Carignano or Carignan is another grape variety that is catching on in Sardinia. The Carginano is deep ruby, bright, tending to violet with strong fragrance. It possesses fruity aromas of mulberry, plums and red currants, with a lightly herbaceous scent, fading as it ripens. Dry, strong, and rich with long finish.
And then there are Sardinia’s top white wines, Vermentino and Vernaccia. Vermentino, with its delicate aromas of fruit and hints of almonds in the finish, is a wine to be consumed young. Vernaccia di Oristano is an ancient, aging, golden yellow white wine that can be compared to the best Jerez (sherry) wines.
Another Italian island where good wines are produced is Ischia (pronounced IZ key a), north of Capri and off the Amalfi Coast. Little known, the island is rugged and a bit rough around the edges, but it makes excellent whites from the Biancolella and Forastera varieties. For the reds the main grapes are the aforementioned Piedirosso and some Aglianico, which is also found on the mainland.
These wines taste of where they were grown — on the side of an extinct volcano whose slopes plummet to the sea. Alas, they are not readily found in the U.S. The most renowned producer is Pietratorcia, whose white Vigne di Chignole shows very intense sea air with a subtle hazelnut undertone.
On the other side of southern Italy, are the Greek islands and one in particular stands out. Santorini’s wines are intense whites from the Assyrtiko grape, whose vines are trained in little nests that crouch on the windswept hills of a dormant volcano. These wines are scented with lemon and minerals and are very dry.
Back to the west, in Spain, is the posh resort Mallorca on the Baleares Island between Barcelona and Valencia. On the island’s rolling central plateau, which shelters the vines from the winds of the Mediterranean, hot summers, mild winters and limestone soil, account for dry reds such as Manto Negra and Callet.

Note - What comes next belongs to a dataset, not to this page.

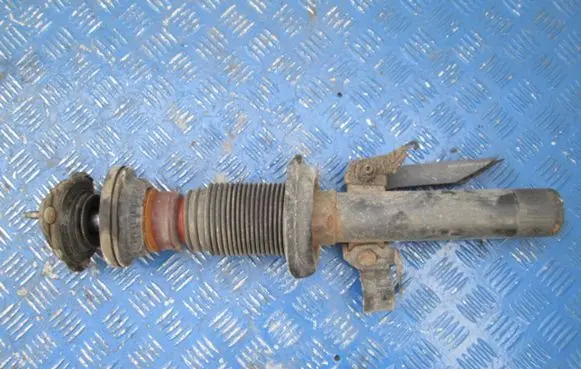 Ford Mondeo Mk III Front shock absorber with coil spring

Portugal too, has its wine-producing islands. The most famous, but often overlooked are the sweet, brown (or caramel-colored) wines from Madeira. These can be some of the greatest and long-lived dessert wines in the world. Much like the San Francisco Bay, which for centuries was not discovered because it was shrouded in fog, Madeira often has black clouds billowing over its mountains, which caused early navigators to turn back thinking they’d reached the end of the world.
The island is warm and subtropical with lots of rainfall. The weathered basalt pebbled soil has been weathered red. But it’s here that white grapes — Sercial, Verdelho, Bual, and Malvasia — are aged on racks to warm in the searing sun. The resulting wines are alternatively dry, medium-dry, medium-sweet, and doce (sweet and rich). There’s good acidity and unique, wonderful caramel and nutty aromas and flavors.
Finally in Europe, on Corsica off France, where improvements in quality are slow to come, the vineyards are mostly on the lower slopes and the plains. The island, with long summers and warm, wet winters, grow mostly obscure varieties such as Nielluccio and Sciacarello, although Grenache and Carignan are also used.
Perhaps more than other wine-growing regions of the world, wines from islands smell and taste like the places from which they come. They display the phenomenon the French call terroir. That is, the physical attributes of those areas — the sea (especially the salt sea’s air and taste), the soils (mostly rocky and volcanic), the winds, and the typography (the shelter-from-the-storm hillsides, rock out-croppings, and mountains — all contribute to the experience.
In addition to producing good wine, these regions boast excellent food, and that other element — romance, that cannot be dismissed as contributing to the “place” that a wine might bring. Just as what the fifth, inexplicable element — umami — brings to food, island wines, especially consumed at their provenance, can be idiosyncratic and intoxicating (literally and figuratively).